**Exercise goal:** Write out the entries below exactly, but only from the line containing "Kid cries desperately" through the line containing "Image showing Mask, snorkel", and without the pictures.

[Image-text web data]
——

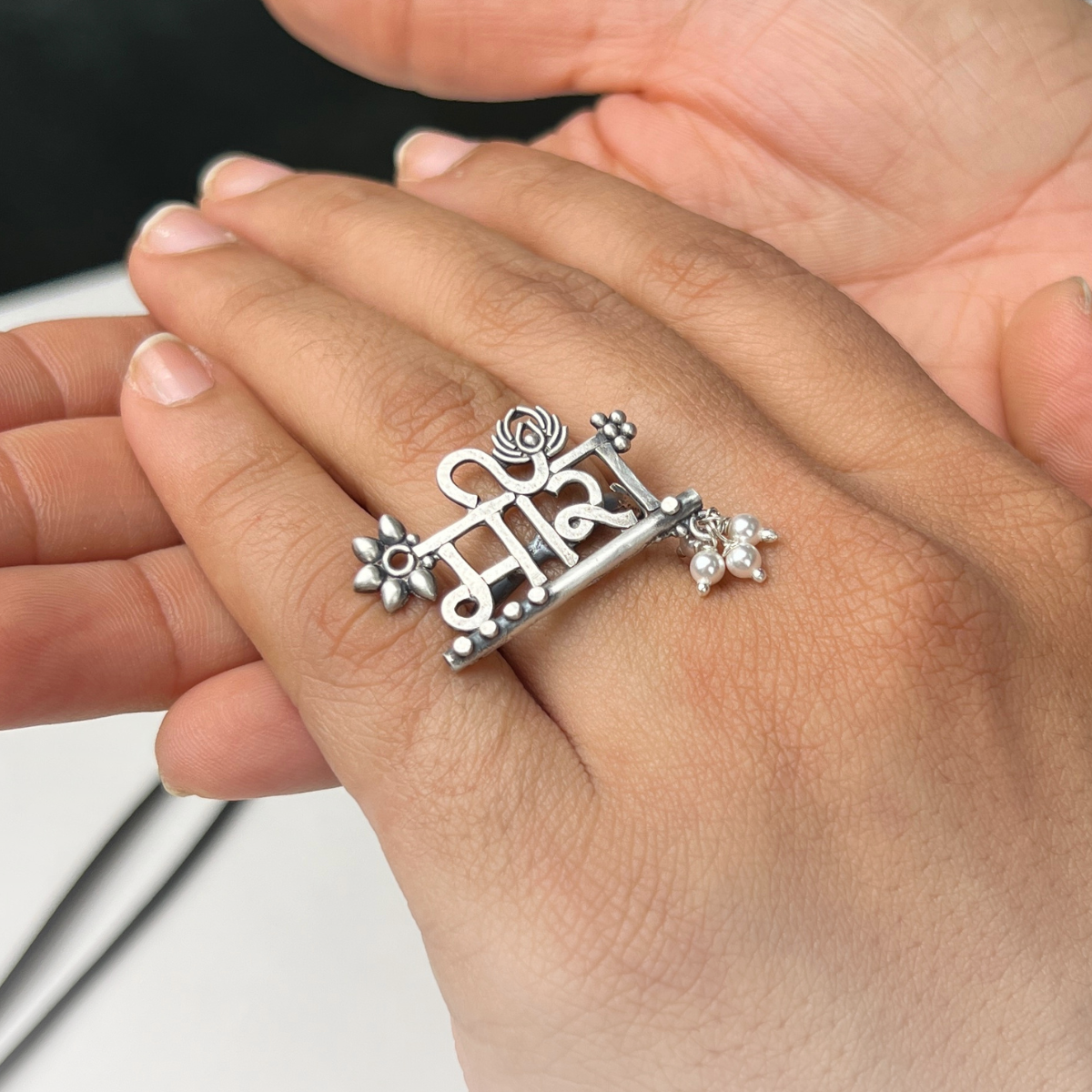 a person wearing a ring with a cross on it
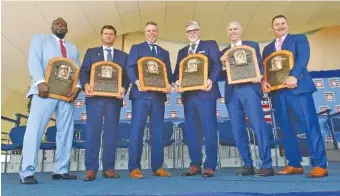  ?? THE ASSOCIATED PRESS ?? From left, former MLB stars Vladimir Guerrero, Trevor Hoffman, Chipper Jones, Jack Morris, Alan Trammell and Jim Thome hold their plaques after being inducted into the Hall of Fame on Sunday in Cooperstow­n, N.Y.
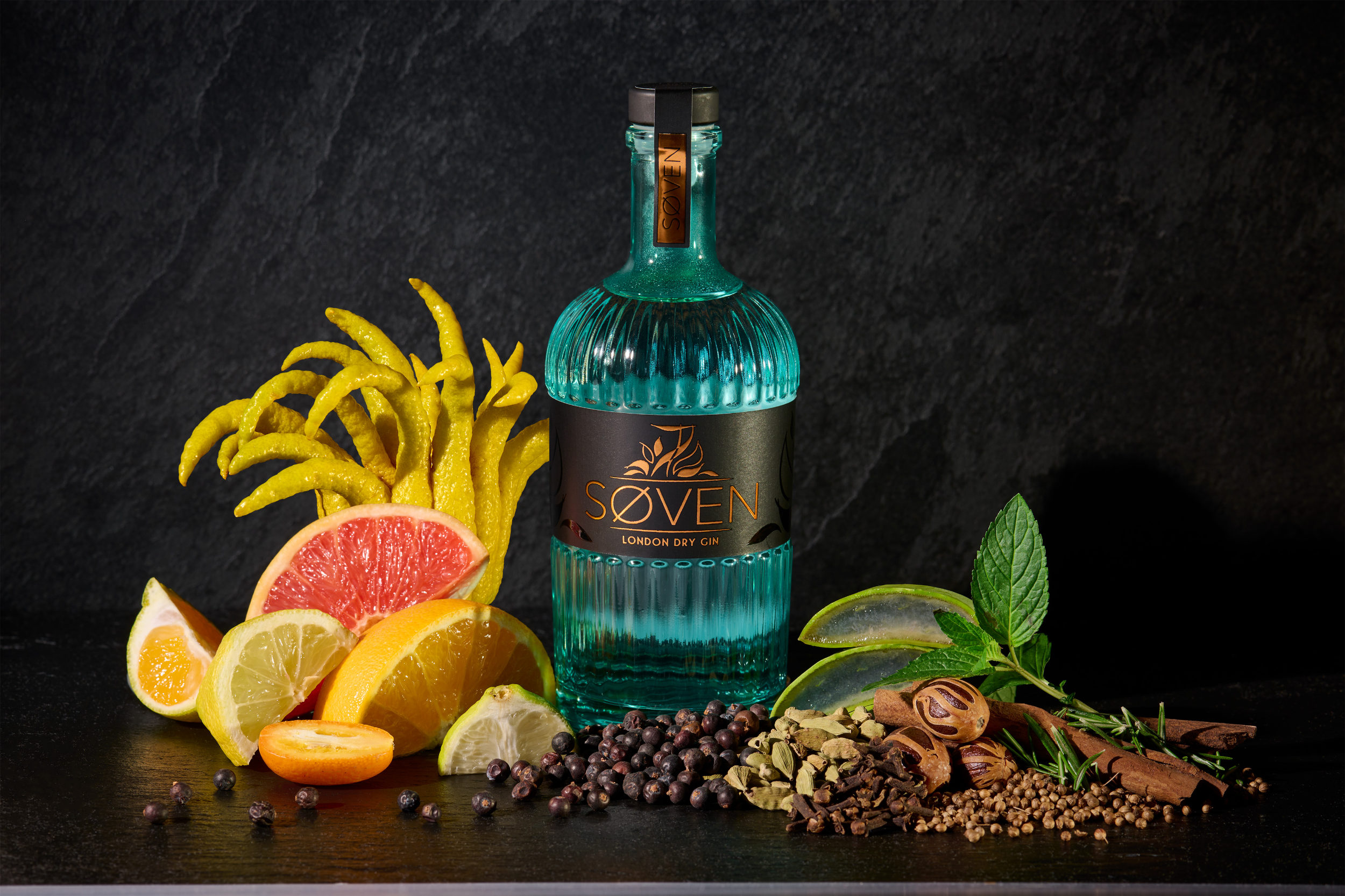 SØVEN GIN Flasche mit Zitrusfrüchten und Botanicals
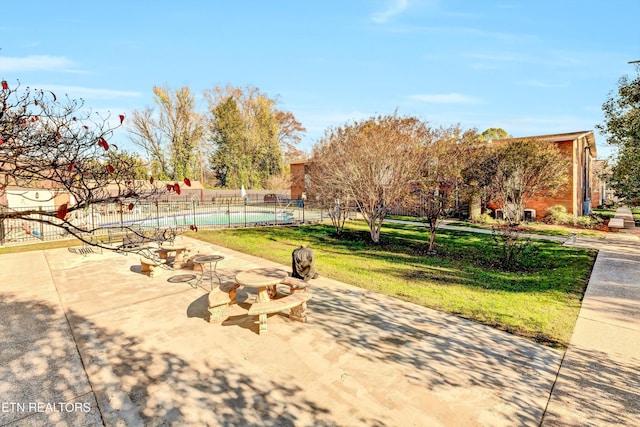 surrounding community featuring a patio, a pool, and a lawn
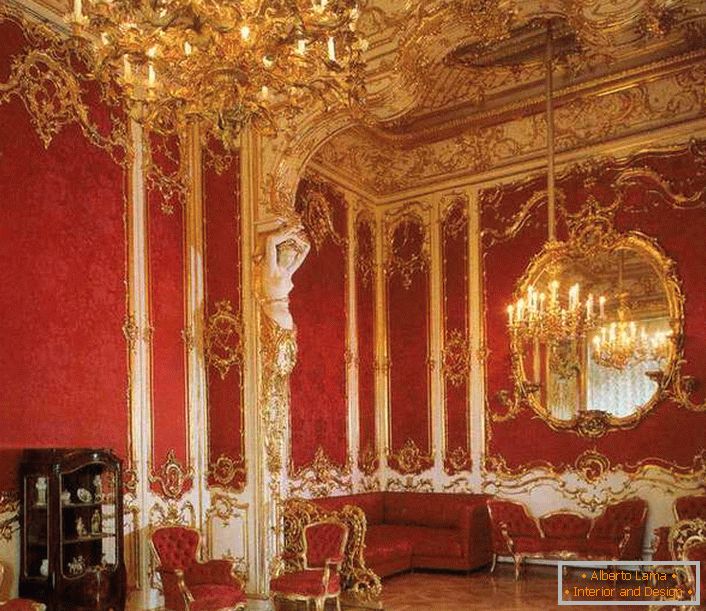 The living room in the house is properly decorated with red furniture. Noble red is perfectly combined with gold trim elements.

——

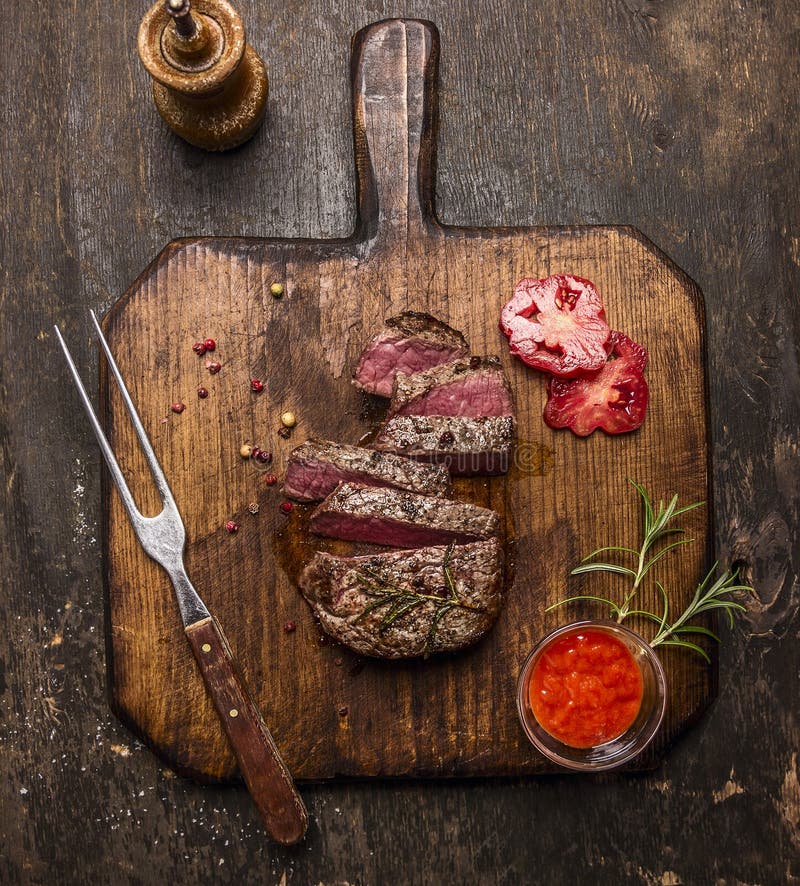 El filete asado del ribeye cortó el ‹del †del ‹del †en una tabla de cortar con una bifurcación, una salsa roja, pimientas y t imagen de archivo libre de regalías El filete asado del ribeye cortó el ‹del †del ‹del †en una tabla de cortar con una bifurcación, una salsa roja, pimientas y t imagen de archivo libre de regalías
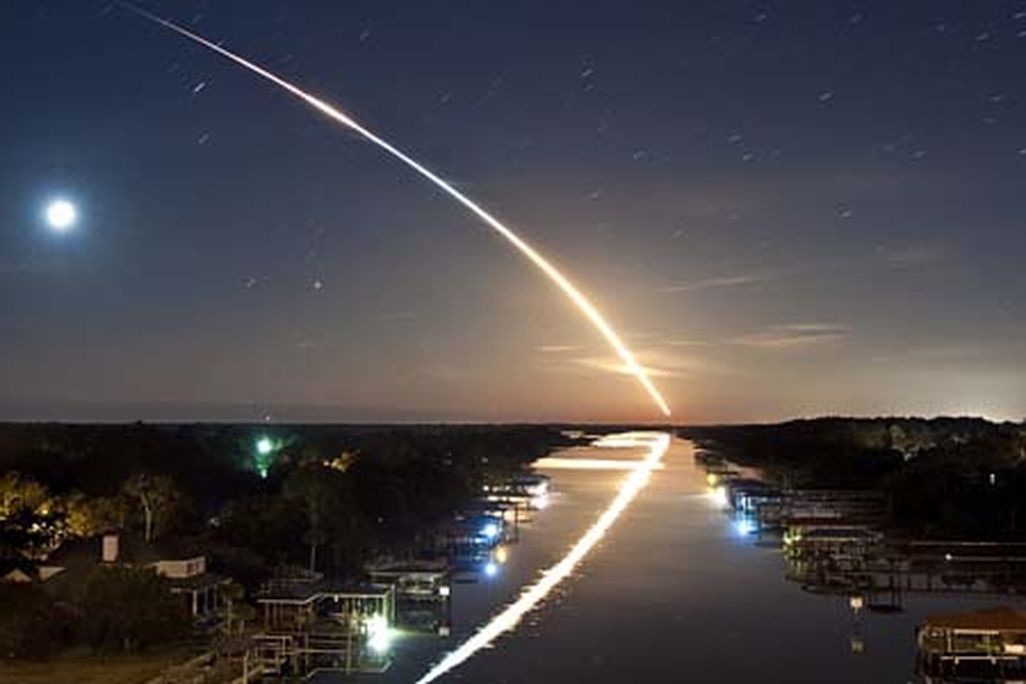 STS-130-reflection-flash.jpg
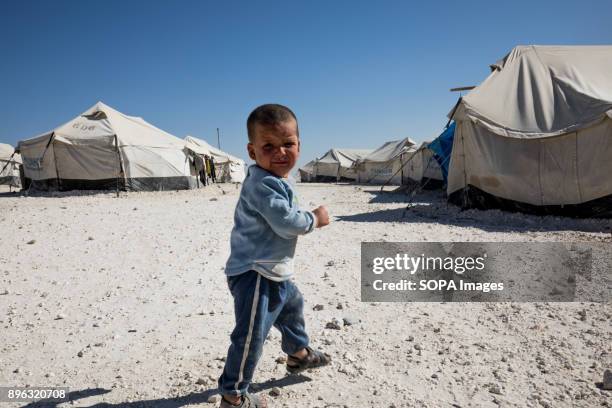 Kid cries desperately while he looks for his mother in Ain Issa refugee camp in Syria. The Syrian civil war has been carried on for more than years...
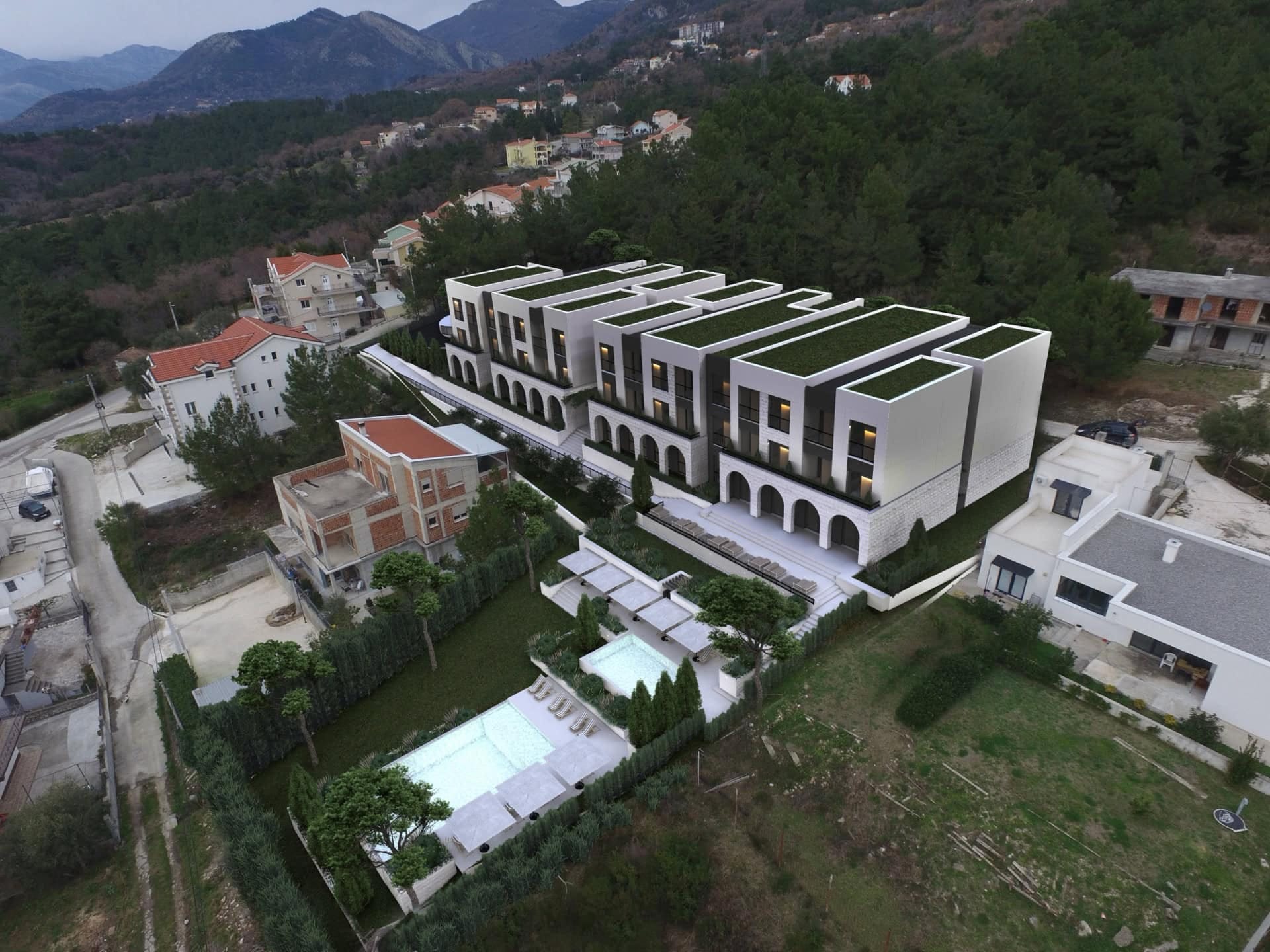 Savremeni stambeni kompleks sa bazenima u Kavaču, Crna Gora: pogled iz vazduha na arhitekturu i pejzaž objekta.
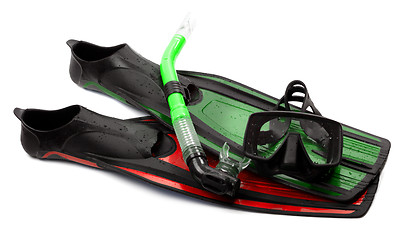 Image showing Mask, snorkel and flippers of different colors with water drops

——

**The completed task:**
 Kid cries desperately while he looks for his mother in Ain Issa refugee camp in Syria. The Syrian civil war has been carried on for more than years...
 Savremeni stambeni kompleks sa bazenima u Kavaču, Crna Gora: pogled iz vazduha na arhitekturu i pejzaž objekta.
 Image showing Mask, snorkel and flippers of different colors with water drops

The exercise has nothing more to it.